Defendant also claims that his convictions should be reversed because the trial court erred in denying his motion to dismiss the reckless conduct charges. Defendant contends that the complaint was defective in that it charged him only with certain failures to act, whereas reckless conduct is committed where one performs an act which causes harm or endangers safety.
Section 12 — 5(a) of the Criminal Code of 1961 provides that “[a] person who causes bodily harm to or endangers the bodily safety of an individual by any means, commits reckless conduct if he performs recklessly the acts which cause the harm or endanger safety, whether they otherwise are lawful or unlawful.” (Ill. Rev. Stat. 1981, ch. 38, *759par. 12 — 5.) The Code’s use of the term “act” includes “a failure or omission to take action.” (Ill. Rev. Stat. 1981, ch. 38, par. 2 — 2.) Thus the crime of reckless conduct occurs where one omits or fails to take certain actions, and this omission or failure causes another harm or endangers safety. Accordingly, defendant’s claim in this regard is without merit.
Defendant also argues that his convictions violate equal protection and double jeopardy. Initially defendant contends that his convictions were violative of equal protection principles because “some people who have 50 [building code] violations [are] brought down *** for civil proceedings and *** some people [are] *** charged criminally.” Defendant further claims that the trial court erred when it denied him an opportunity to cross-examine one of the State’s witnesses regarding other prosecutions in Cook County on charges of criminal housing management.
The Illinois Supreme Court has observed that “[t]he State’s Attorney is the representative of the People and has the responsibility of evaluating the evidence and other pertinent factors and determining what offense can properly and should properly be charged.” (People v. Rhodes (1967), 38 Ill. 2d 389, 396, 231 N.E.2d 400.) Consequently, selective prosecution is permissible as long as it is not based on clearly impermissible grounds such as discrimination on the basis of race, religion, the exercise of first amendment rights, or bad faith. See United States v. Blitstein (10th Cir. 1980), 626 F.2d 774, 782, cert. denied (1981), 449 U.S. 1102, 66 L. Ed. 2d 828, 101 S. Ct. 898.

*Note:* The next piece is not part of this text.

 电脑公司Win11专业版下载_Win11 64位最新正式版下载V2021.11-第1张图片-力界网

We observe that there is nothing in the record to indicate that the State’s Attorney selectively prosecuted the defendant, nor to show that any selectivity was founded on impermissible grounds. Furthermore, defendant’s attempt to present such evidence through cross-examination of a State’s witness regarding his knowledge of other criminal housing prosecutions was properly barred by the trial court as beyond the scope of direct examination. (See People v. Hanna (1983), 120 Ill. App. 3d 602, 611, 457 N.E.2d 1352.) Moreover, we observe that defendant presented no evidence in his own case to demonstrate selective prosecution on the part of the State’s Attorney. Accordingly, we find no basis for defendant’s argument in this regard.

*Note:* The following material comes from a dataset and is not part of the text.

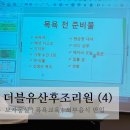 더블유여성병원 | [조리원후기] 대전 더블유산후조리원 (4) 모자동실, 목욕교육, 외부음식 반입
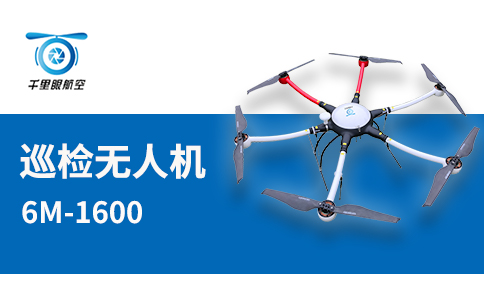 關(guān)于巡檢無人機(jī)在光伏電站的基礎(chǔ)應(yīng)用分析(圖1)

Defendant also contends that his prosecution and convictions were erroneous because they violated the principle of double jeopardy. (U.S. Const., amend. V.) In this respect he argues that it was apparent during trial that he was concurrently being “prosecuted” in civil court for violations of the Chicago Building Code.

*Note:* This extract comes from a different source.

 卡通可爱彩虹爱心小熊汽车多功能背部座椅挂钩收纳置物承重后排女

We note first that there is not the slightest bit of evidence in the *760record to establish the existence of any civil proceedings against defendant for building code violations. In any event, even assuming the existence of such proceedings, such dual pursuance of defendant was not improper, since the proscription against double jeopardy applies only to multiple criminal prosecutions (see People v. Young (1983), 116 Ill. App. 3d 984, 989, 452 N.E.2d 718) and does not bar the institution of both civil and criminal proceedings. See People ex rel. Department of Public Aid v. Bell (1984), 121 Ill. App. 3d 1017, 1021, 460 N.E.2d 478.
Defendant also argues that the trial court erred in allowing the State to nol-pros the charge of notice of building code violations against the defendant at the conclusion of the State’s case in chief. He claims that the court instead should have entered a finding of not guilty on the charge of notice. He contends that the court’s failure to do so places him in further jeopardy that he may yet be prosecuted for these offenses.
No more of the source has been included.